When we visit you at home, we will plan with you further goals and things that you want to achieve as part of your ongoing assessment. We will also look at any equipment, assistive technology and support from informal carers, friends or family and any other support that you may already receive.
Visiting staff carry identification badges; always ask to see them.
What if I can’t go straight home?
We will discuss with you if you feel you are not able to return home when you leave hospital, you may be temporarily supported in alternative accommodation in the community. The alternative accommodation may be a bed within a residential or nursing care home or a community hospital. This is for a period of assessment, which may include a rehabilitation programme and will be an extension to your hospital stay but based in the community.

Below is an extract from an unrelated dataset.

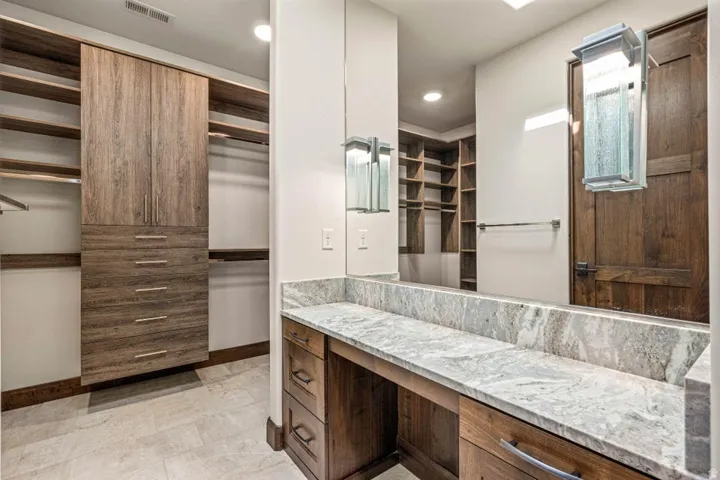 Dressing area featuring a vanity with a large mirror, stone countertop, built-in storage, and integrated shelving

We will discuss with you the nearest available bed but please be aware this may not be in your local or preferred area. However, you cannot continue to occupy a hospital bed when you don’t need to be there.
If you are going to an alternative accommodation, please make sure you have appropriate clothing and footwear for the day time, you will be getting out of bed and getting dressed in your own clothes.
Our aim is to support you to return to your home as soon as possible. While you are working to return home, we will work with you so you can do the things you need to do at home and support you while you recover, you may receive physiotherapy, occupational therapy and/or nursing care.
When your outcomes have been achieved, or you are able to manage the things you need to do at home, your case worker (who will be allocated to you) will discuss your return home plans with you.
On the day of your discharge from our service, if you have been in alternative accommodation, you will be expected to vacate your room by 10am and, wherever possible, your case worker will discuss how you will get back home.
In the event you decline to vacate the bed or accommodation or you do not engage with discharge planning, we will issue you with a letter outlining the need to vacate and a charge will apply, if you are in a Nursing or Residential home.